Pada paket pekerjaan dengan Nilai Kontrak diatas 2,5 Milyar sampai dengan 10 Milyar berdasarkan Undang-Undang no. 20 tahun 2008, Peraturan Pemerintah no. 51 tahun 2008 dan PermenPUPR no. 31/2015 maka seharusnya Negara memperoleh pemasukan dari PPh final konstruksi sebesar :
(3% x 2,5 M) s/d (3% x 10 M)
75 jt s/d 300 jt
Namun karena PermenPUPR no. 31/2015 diganti menjadi PermenPUPR no. 07/2019 yang mengubah segmentasi paket nilai paket pekerjaan terhadap kualifikasi SBU maka pembayaran PPh final berubah menjadi sebesar :
(2% x 2,5 M) s/d (2%x10 M)
50 jt s/d 200 jt
Dari selisih skema peneriman sebelum dan sesudah perubahan peraturan tersebut diatas terdapat Kekurangan Pendapatan Negara sebesar diatas 25 juta sampai dengan 100 juta per setiap paket kecil yg nilai kontraknya antara diatas 2,5 Milyar sampai dengan 10 Milyar.
Sebagaimana ilustrasi pada perubahan segmentasi pakaet SBU kelas Kecil, ilustrasi yang sama juga terjadi pada perubahan Segmentasi paket SBU Kualifikasi Menengah. Dengan menggunakan Metode Pendekatan ke Harga Pagu Paket dan mengambil Data dari Rencana Umum Pengadaan Nasional tahun Anggaran 2019 pada website resmi Lembaga Kebijakan Pengadaan Pemerintah ( https://sirup.lkpp.go.id/sirup/ro ), saya taksir telah terjadi Kekurangan Pendapatan Negara sebesar Rp. 621,32 Milyar atas PPh Final Jasa Konstruksi.
Demikian artikel ini saya sajikan, apakah kekurangan yang saya maksud bisa dipandang sebagai Kerugian Negara tentunya diserahkan ke Lembaga yang berwenang untuk hal tersebut. Pertanyaan terpentingnya apakah kekurangan bayar tersebut masih bisa diminta kembali kepada Badan Usaha yang tidak sengaja diuntungkan pada kesalahan peraturan perundang-undangan ini ? kita berharap pemerintah berlaku adil dan merata karena tahun-tahun sebelumnya Badan Usaha lain diperlakukan sesuai peraturan perundang-undangan yang benar dan tarif yang sesuai pula.

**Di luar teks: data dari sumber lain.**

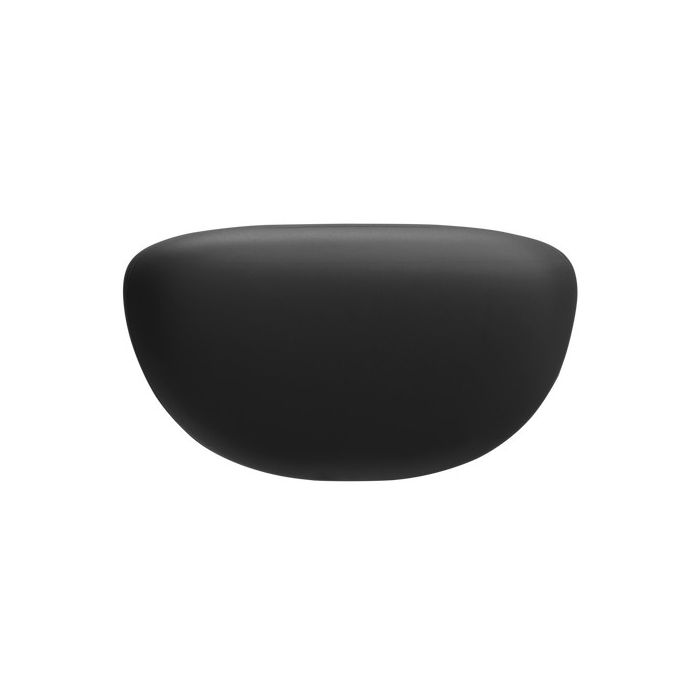JBL TFLEX2GBLK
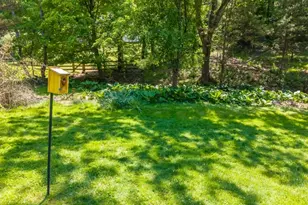 14 Lexington Rd, Clinton Township, NJ 08801 - Photo 41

Artikel ini tentunya adalah sebuah hasil pemikiran pribadi yang didasarkan penafsiran peraturan perundang-undangan yang ada tanpa bermaksud bertindak melawan hukum ataupun mendiskreditkan pihak-pihak tertentu. Tentunya dengan catatan akan terjadi jika Kementrian Keuangan tidak melanggar Peraturan Pemerintah no. 51 tahun 2008.